Supercomputing 2012 Documentation.
- The following IBM provided software was saved on our repository for easy distribution:
- ibm_fw_sraidmr_m5100-23.7.0-0037_linux_32-64.bin - M5100 series RAID firmware.
- ibm_utl_sraidmr_megacli-8.04.07_linux_32-64.zip - MegaCli command
- Install pre-regs (/lib/ld-linux.so.2, libncurses.so.5, libstdc++.so.6):
- yum install compat-glibc.x86_64 ncurses-libs-5.7-3.20090208.el6.i686 libstdc++-4.4.6-4.el6.i686
- Download and run firmware upgrade (will upgrade all connected controllers):
%STARTCONSOLE%
mkdir -p /tmp/ibm_megacli
cd /tmp/ibm_megacli
wget
http://vmrepo.heprc.uvic.ca/ibm_utl_sraidmr_megacli-8.04.07_linux_32-64.zip
unzip ibm_utl_sraidmr_megacli-8.04.07_linux_32-64.zip
yum localinstall Lib_Utils-1.00-09.noarch.rpm
MegaCli-8.04.07-1.noarch.rpm
cd /usr/local/sbin
ln -s /opt/MegaRAID/MegaCli/MegaCli64
MegaCli
%ENDCONSOLE%
%STARTCONSOLE%
MegaCli -AdpAllInfo -aALL | less
%ENDCONSOLE%
Reconfigureing RAID 0 Virtua Drives
The SC2012 servers (IBM x3650 M4) servers contain two HDD enclosures each with eight drives. The first physical drive will be used to host the operating system and utilities.
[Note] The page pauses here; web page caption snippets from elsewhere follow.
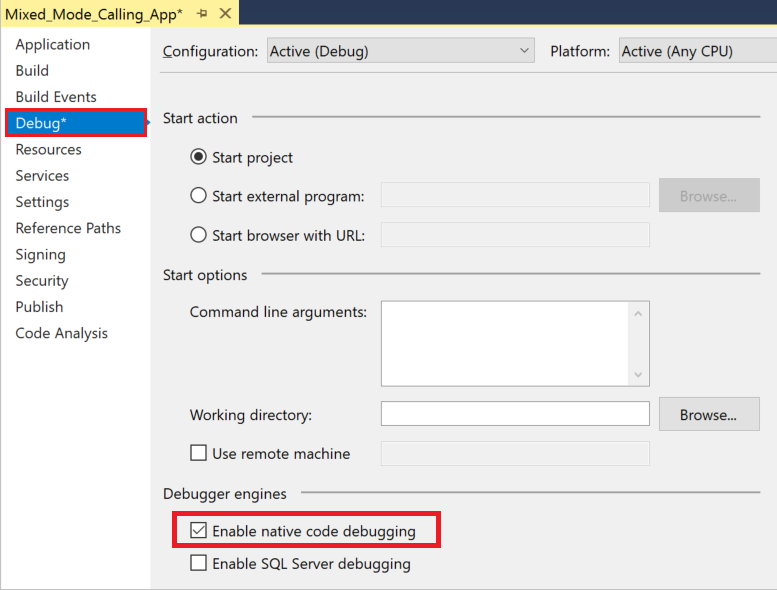 顯示如何在 Visual Studio 2019 中為 C# 或 Visual Basic 專案啟用混合模式偵錯的螢幕快照。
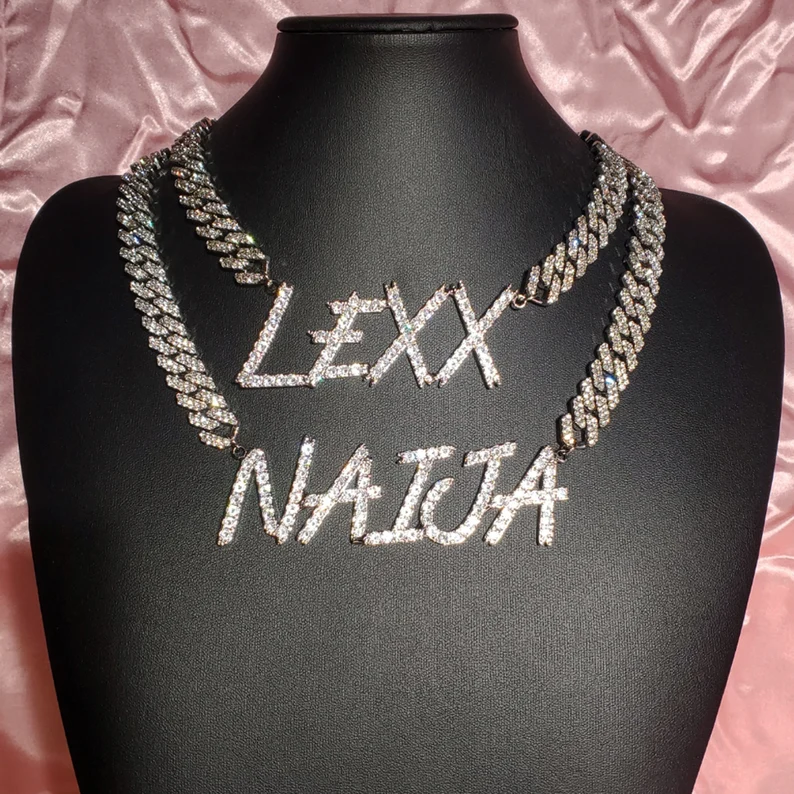 Cuban Chain Personalized Custom Brush Font Letters Monogram Name Necklace-silviax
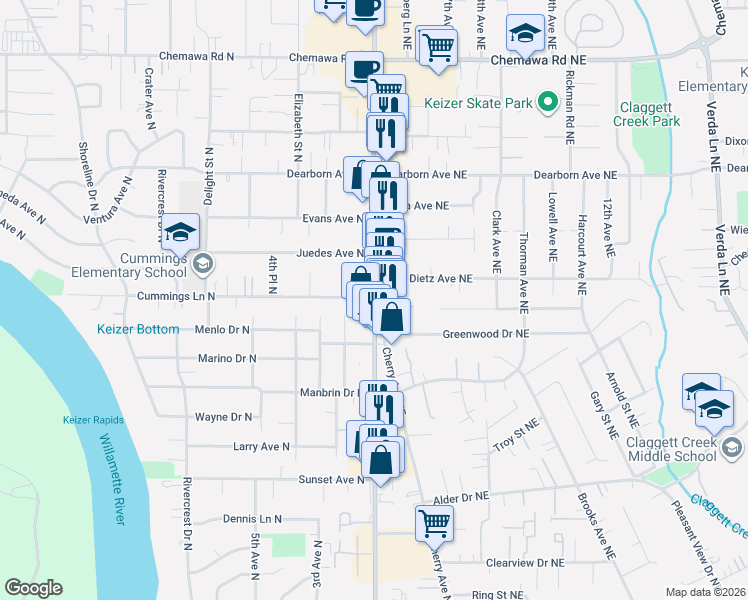 map of restaurants, bars, coffee shops, grocery stores, and more near River Road North in Keizer
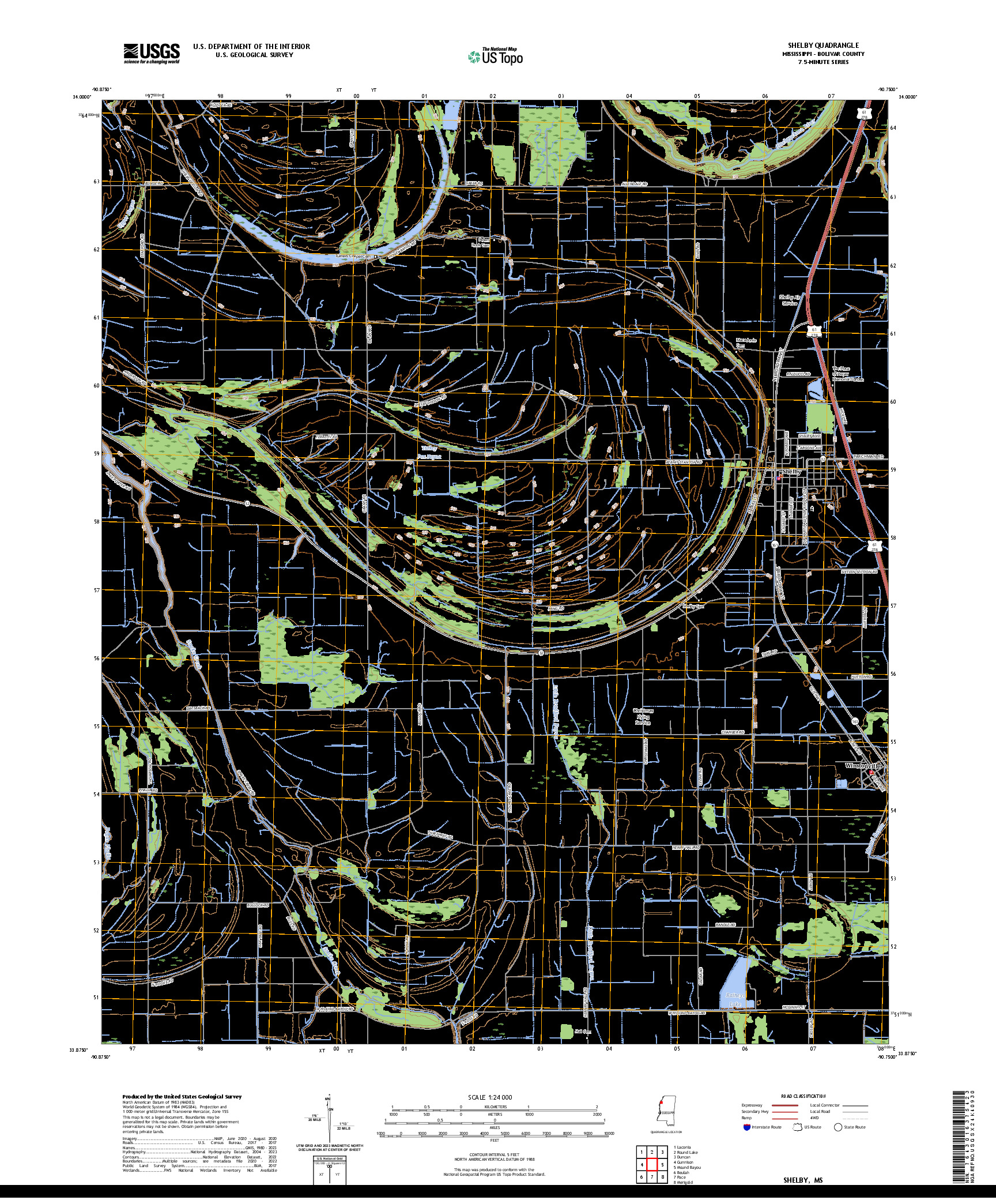 US TOPO 7.5-MINUTE MAP FOR SHELBY, MS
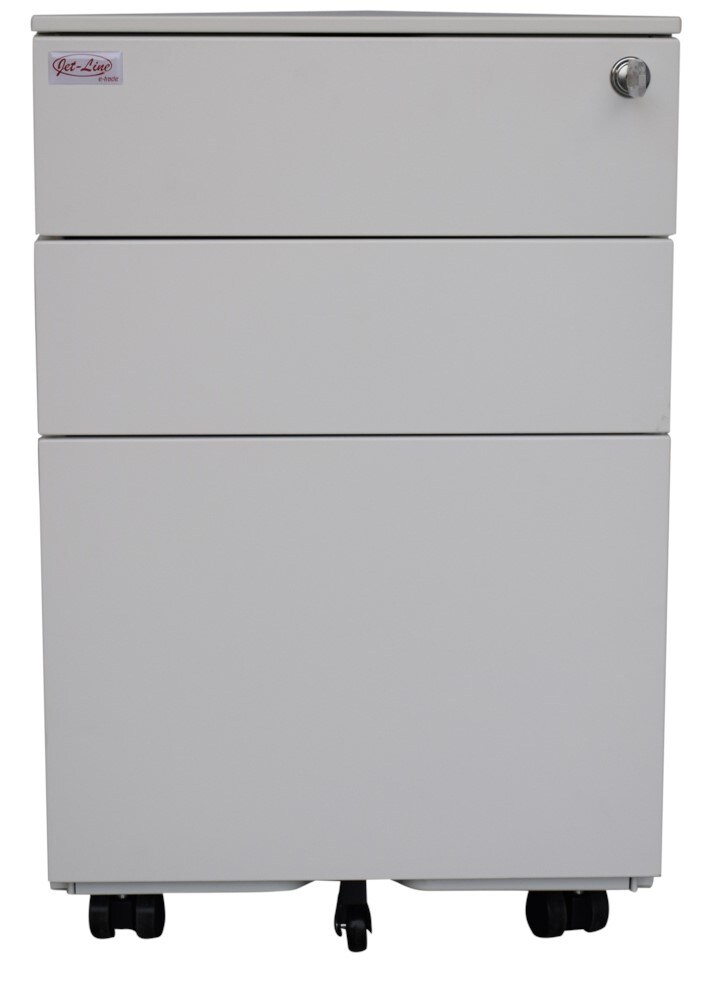 Rollcontainer weiss 3 Schubladen abschlie&szlig;bar Metall - Bild 1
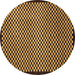 Round Checkered Brown Modern Rug, abs1438brn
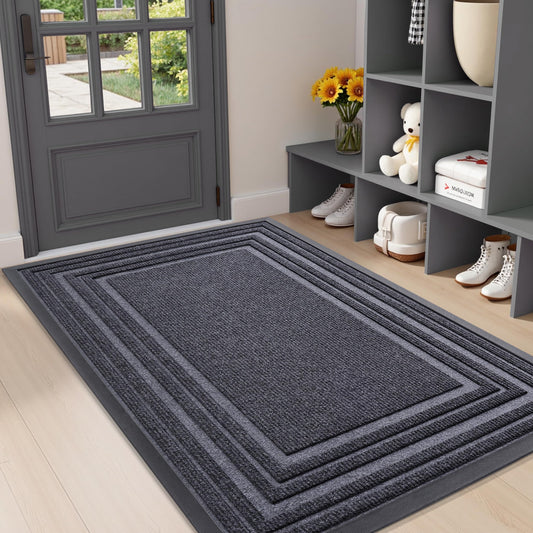 Buganda Front Door Mat Indoor Outdoor Entrance, Non-Slip Natural Rubber Doormats, Easy Clean, Low Profile, Dirt Trapper Entryway Floor Mats for Outside, Garages and Patios, 47x32, Grey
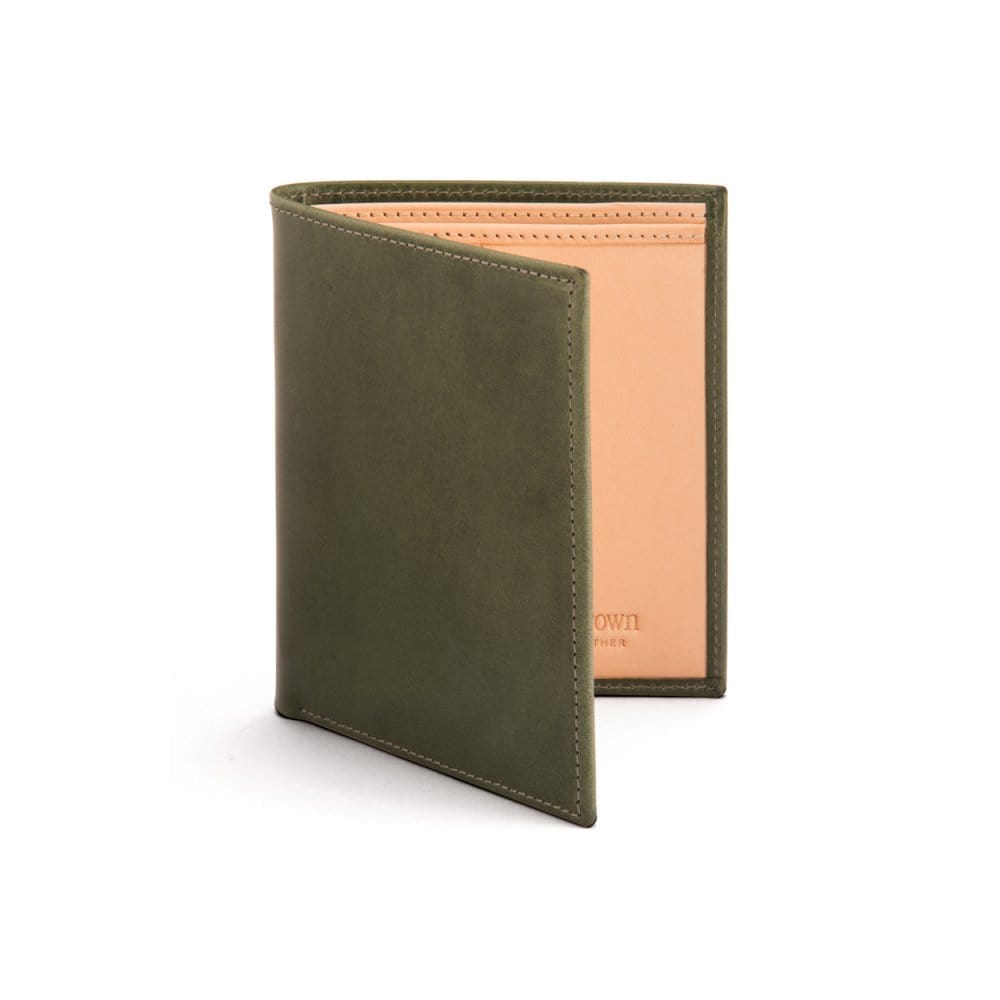 Bifold leather wallet with 6 credit cards, green, front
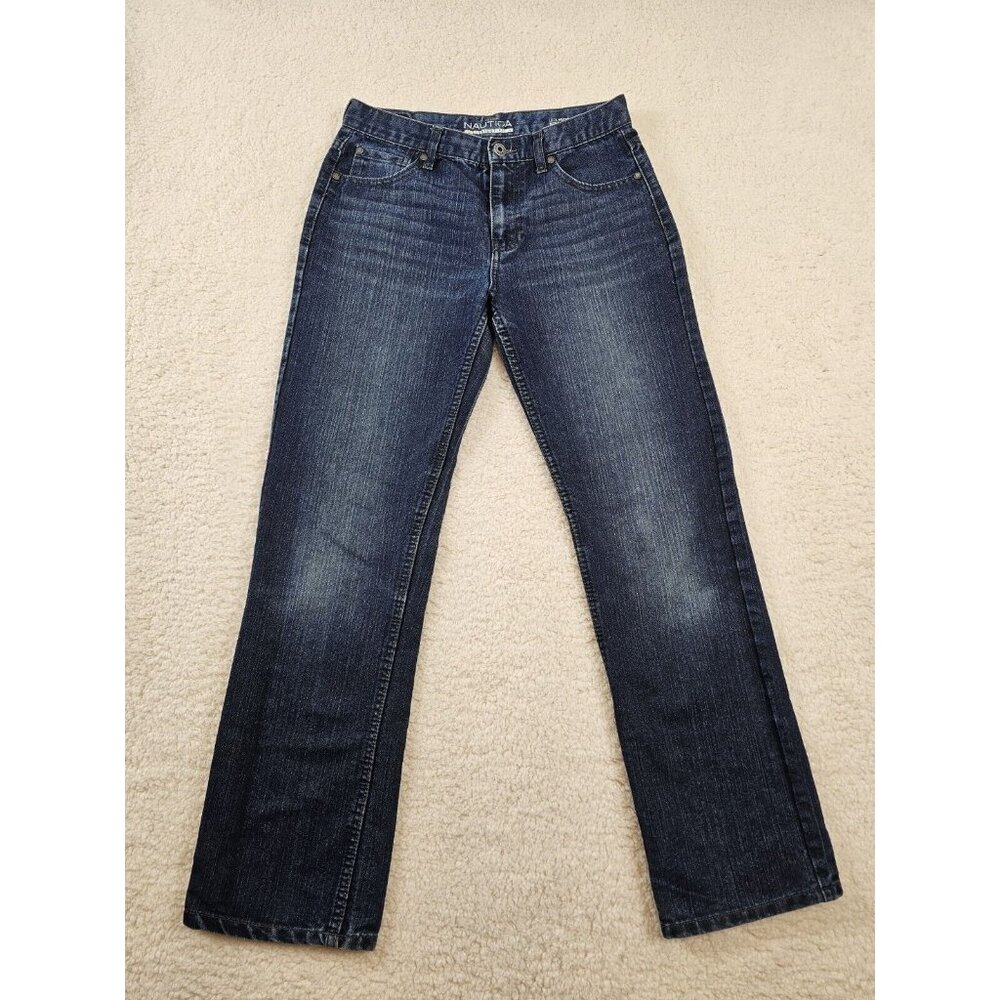 Nautica Jeans Women's 28 Y2K Straight Fit Dark‎ Wash Blue Denim Mid Rise Classic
The remaining drives in each enclosure will be defined as two RAID 0 arrays; one with seven drives, and the other with eight.
%STARTCONSOLE%
[root@sc03 sbin]#
MegaCli -LDInfo -Lall -aALL
%ENDCONSOLE%
- Remove redundent virtual drive:
%STARTCONSOLE%
[root@sc03 sbin]#
MegaCli -CfgLdDel -L1 -a0
Adapter 0: Deleted Virtual Drive-1(target id-1)
Exit Code: 0x00
[root@sc03 sbin]#
%ENDCONSOLE%
%STARTCONSOLE%
[root@sc03 sbin]#
MegaCli -EncInfo -aALL | awk '/Enclosure|Device ID/'
Enclosure 0:
Device ID : 252
Enclosure type : SGPIO
Enclosure Serial Number : N/A
Enclosure Zoning Mode : N/A
Enclosure 0:
Device ID : 62
Enclosure type : SGPIO
Enclosure Serial Number : N/A
Enclosure Zoning Mode : N/A
[root@sc03 sbin]#
%ENDCONSOLE%
- Determine enclosure IDs and used slots:
%STARTCONSOLE%
[root@sc03 sbin]#
MegaCli -CfgDsply -aALL |awk '/GROUP|Enclosure|Slot/'
Number of DISK GROUPS: 1
DISK GROUP: 0
Enclosure Device ID: 252
Slot Number: 0
Enclosure position: N/A
Number of DISK GROUPS: 0
[root@sc03 sbin]#
%ENDCONSOLE%
- Define new RAID 0 virtual device on the seven free drives:
%STARTCONSOLE%
[root@sc03 sbin]#
MegaCli -CfgLdAdd -r0 [252:1,252:2,252:3,252:4,252:5,252:6,252:7] RA -strpsz1024 -a0
Adapter 0: Created VD 1
Adapter 0: Configured the Adapter!!
Exit Code: 0x00
[root@sc03 sbin]#
%ENDCONSOLE%
%STARTCONSOLE%
[root@sc03 sbin]#
MegaCli -LDInfo -Lall -aALL
%ENDCONSOLE%
Moving to LSI firmware from IBM
Some minor stability improvement. Hard to quantify.
Complete output at:
https://gist.github.com/2d9da810da246e0e161b
%STARTCONSOLE%
[root@sc04 ~]# fdtClient -P 4 -c 10.20.3.101 -fl filelist-8-15.txt -d /
06/11 11:20:54 Net Out: 23.864 Gb/s Avg: 21.642 Gb/s 98.84% ( 03s )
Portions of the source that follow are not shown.